Our results indicated that the assessment of perfusion at the proximal and distal resection margins was associated with revision of the surgical plan in nearly 4.8% of patients and the percentage was not low during a totally laparoscopic surgery. We thought that the microperfusion deficiency of the transected bowel and planned site of anastomosis could not be found by conventional methods of assessment and may be not entirely reliable. Further, patients who underwent further “re-resection” up to a “fluorescent” portion due to insufficient bowel perfusion in this study were those with left colectomies. With regard to the reason, previous studies found the blood pressure of marginal artery was reduced by ≥30% after the blockage of the left colic artery and unstable blood flow to the left colon occurred after IMA ligation in approximately 10% of patients, which could increase the rate of insufficient perfusion [26, 27]. Therefore, we confirmed that insufficient perfusion of the bowel may more frequently occur in patients with left colon cancer, and we should focus more on the bowel perfusion in totally laparoscopic left hemicolectomy, especially for the proximal margin.

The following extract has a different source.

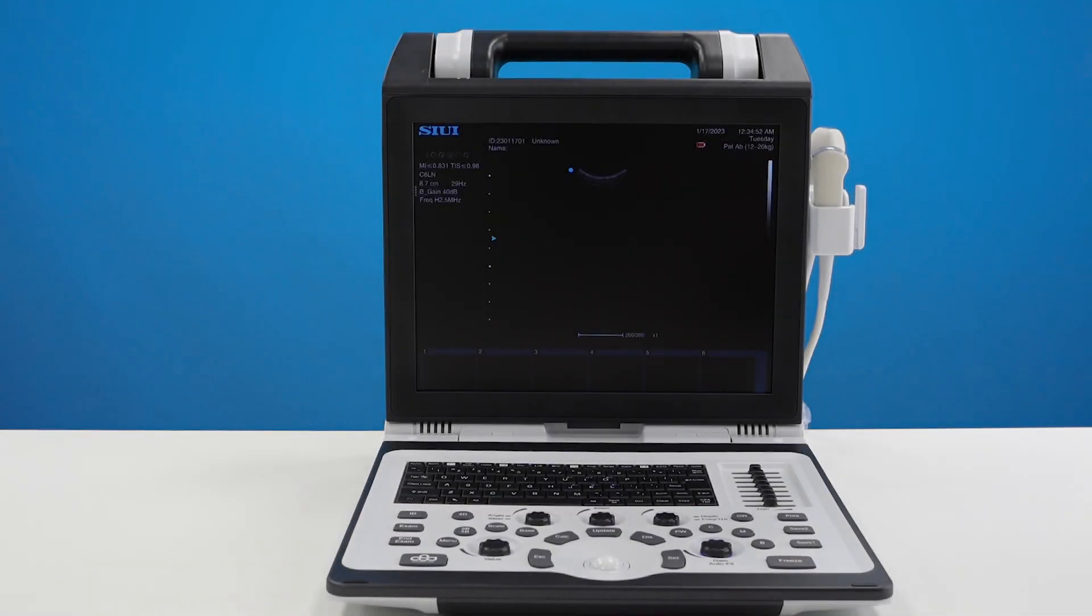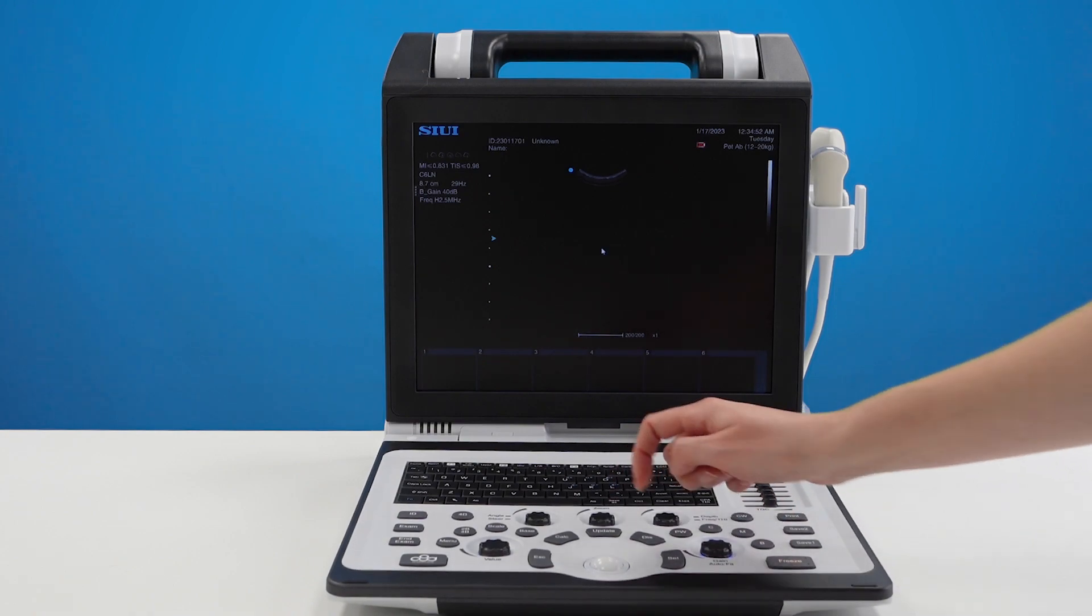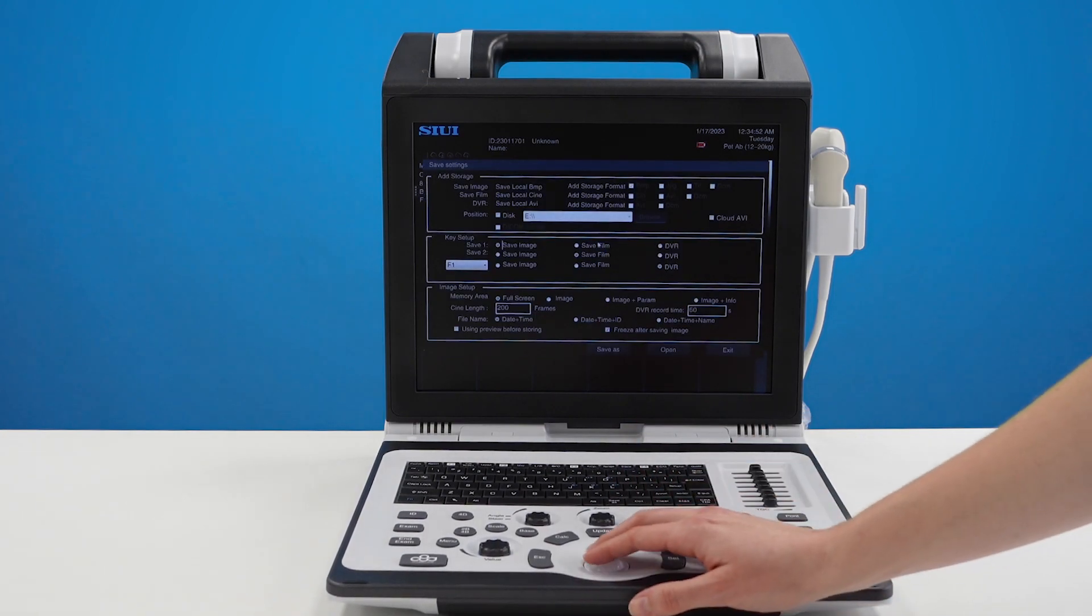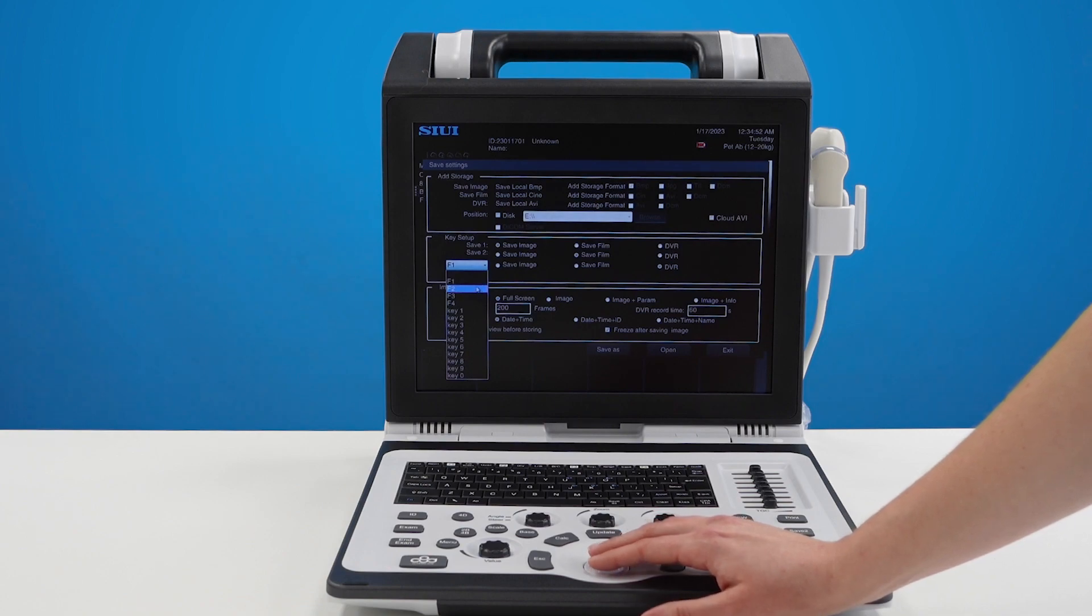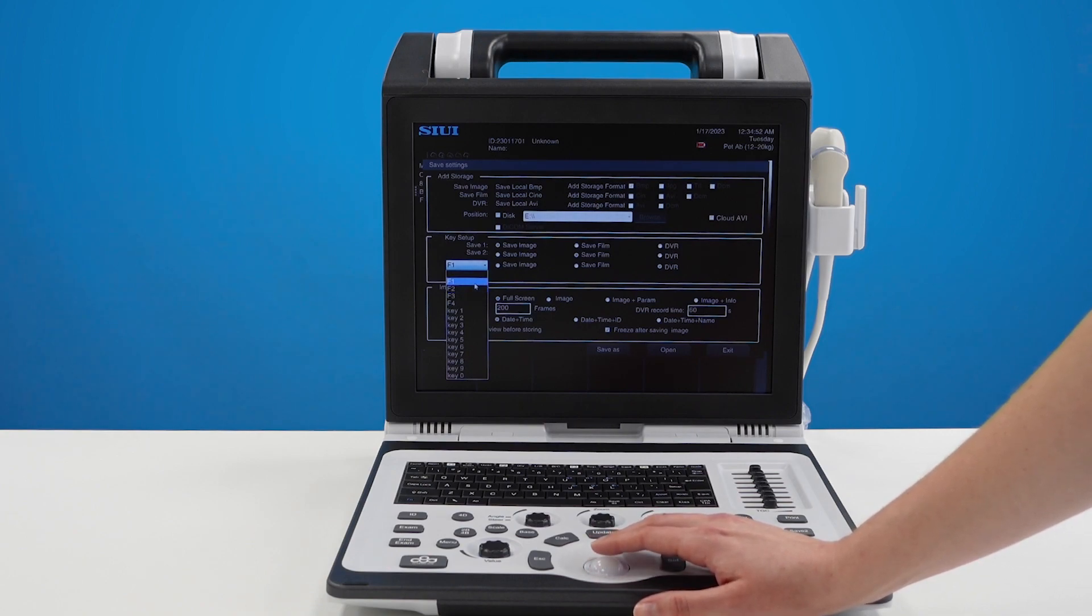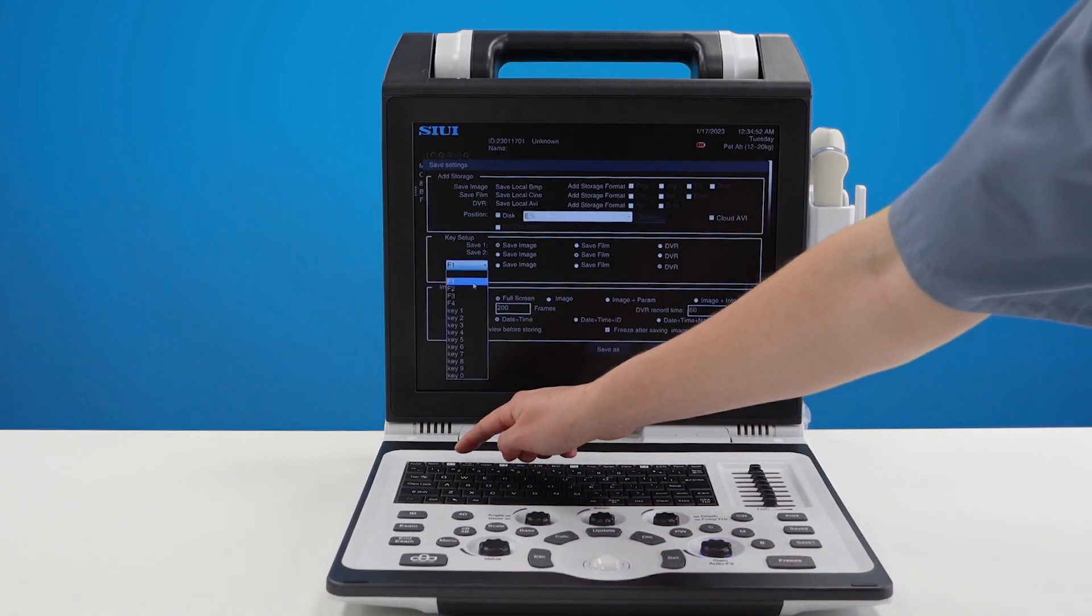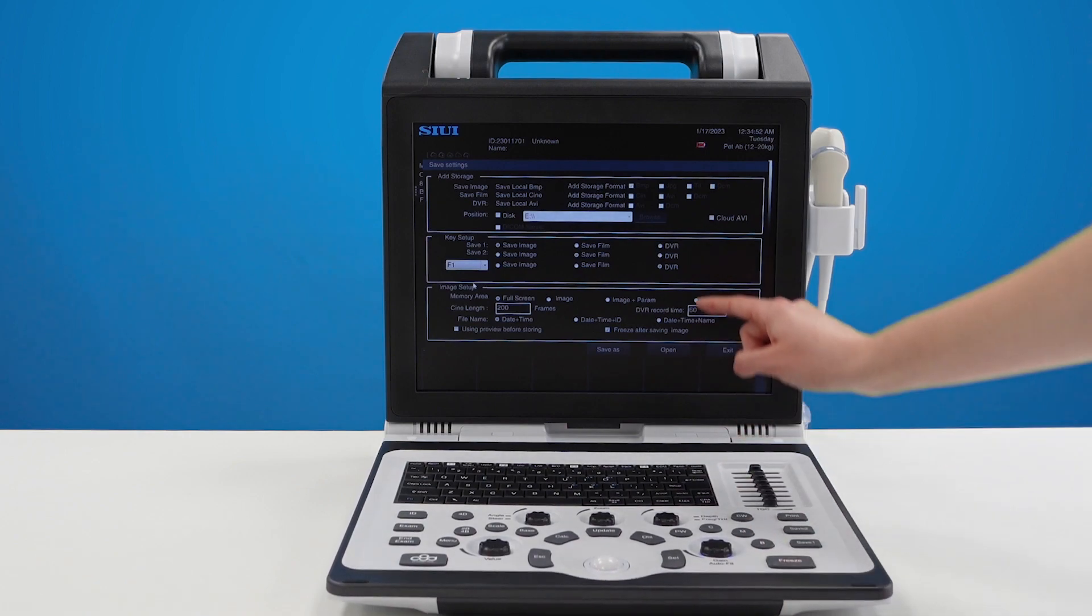If you're going to be recording long video clips for teaching or video cases there's one other thing you'll want to do. Press the save as button and in this drop down here select what you would like your hotkey to be for recording long video clips. I like F1 just because it's nice and easy up here so I've selected F1.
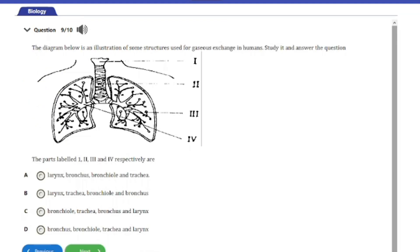Question nine: The diagram below is an illustration of some structures used for gaseous exchange in humans. The parts labeled I, II, III, and IV respectively are — A, larynx, bronchus, bronchiole, and trachea; B, larynx, trachea, bronchiole, and bronchus; C, bronchiole, trachea, bronchus, and larynx; D, bronchus, bronchiole, trachea, and larynx. The answer is option B: I is larynx, II is trachea, III is bronchiole, and IV is bronchus.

IGFI was used to guarantee a reliable anastomosis, in order to prevent complications related to the anastomosis. Previous studies have clearly demonstrated that IGFI can reduce anastomotic complications, and the incidence of complications in this study was 11.9%, which was similar to that of other studies [25, 28]. Fortunately, no patient suffered anastomotic leak and only one patient suffered anastomosis-related bleeding that was successfully treated conservatively. Benign anastomosis-related stricture after the colorectal anastomosis occurs in some patients, and its occurrence is not rare. Preoperative radiation, anastomosis-related ischemia, leakage, and the anastomosis technique are all thought to be related to the development of anastomotic stricture [29]. In this study, no patient suffered from anastomotic stricture, which can be attributed to a reliable intraoperative real-time blood flow evaluation by IGFI and advanced overlapped delta-shaped anastomosis, in which the staple line in the anastomotic stoma appeared as a curving obtuse triangle after the digestive tract reconstruction.

Conclusion

This preliminary study demonstrates that IGFI is a promising intraoperative tool for the assessment of bowel perfusion and can guarantee a rapid and reliable anastomosis during a totally laparoscopic colectomy. Further prospective randomized controlled trials from multiple centers with larger sample sizes and longer follow-up periods may confirm that IGFI can decrease the rate of anastomotic leak and thereby improve outcomes of colorectal cancer surgery.